--- START ---

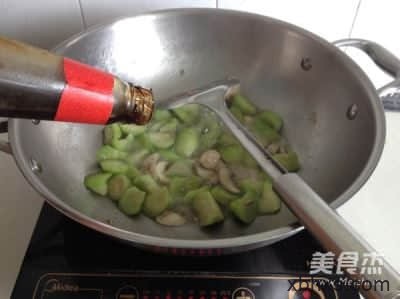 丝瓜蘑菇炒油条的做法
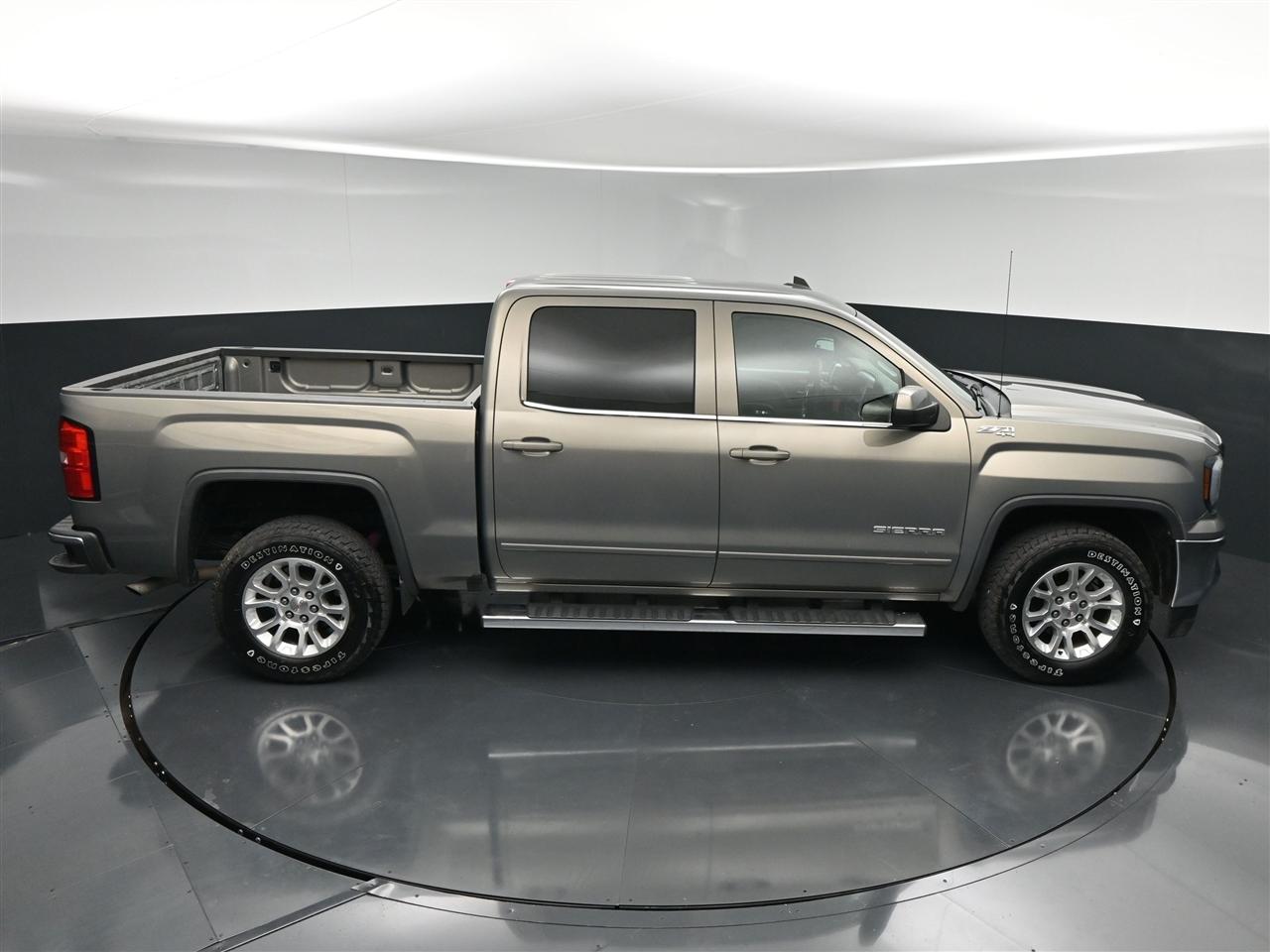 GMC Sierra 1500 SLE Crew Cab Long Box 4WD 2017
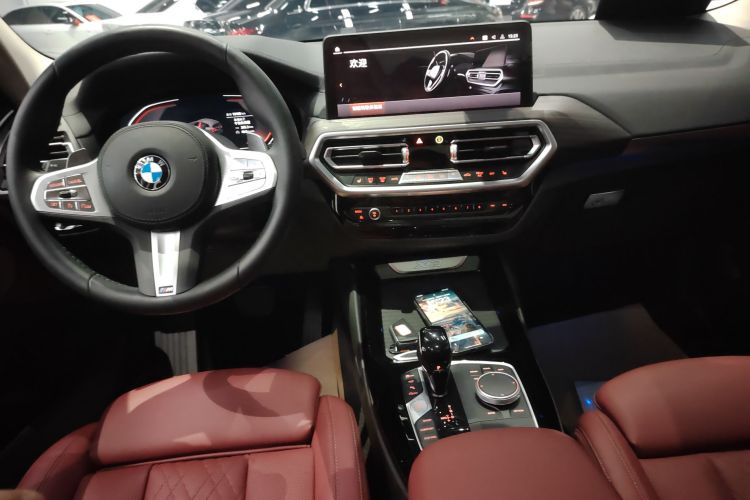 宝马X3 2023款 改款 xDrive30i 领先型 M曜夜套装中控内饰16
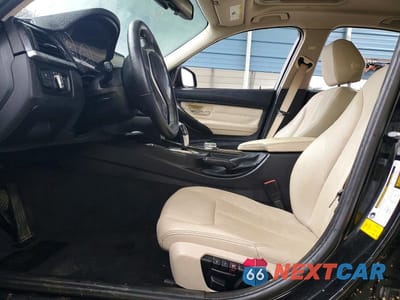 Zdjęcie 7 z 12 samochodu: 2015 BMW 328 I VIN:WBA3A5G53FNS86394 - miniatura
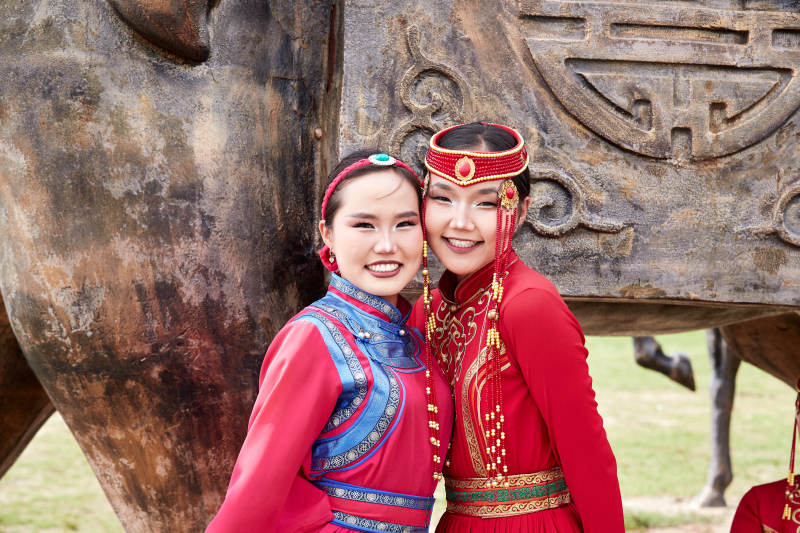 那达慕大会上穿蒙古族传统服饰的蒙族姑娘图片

--- END ---

Activity>
Print every record exactly without the images.

Result>
 丝瓜蘑菇炒油条的做法
 GMC Sierra 1500 SLE Crew Cab Long Box 4WD 2017
 宝马X3 2023款 改款 xDrive30i 领先型 M曜夜套装中控内饰16
 Zdjęcie 7 z 12 samochodu: 2015 BMW 328 I VIN:WBA3A5G53FNS86394 - miniatura
 那达慕大会上穿蒙古族传统服饰的蒙族姑娘图片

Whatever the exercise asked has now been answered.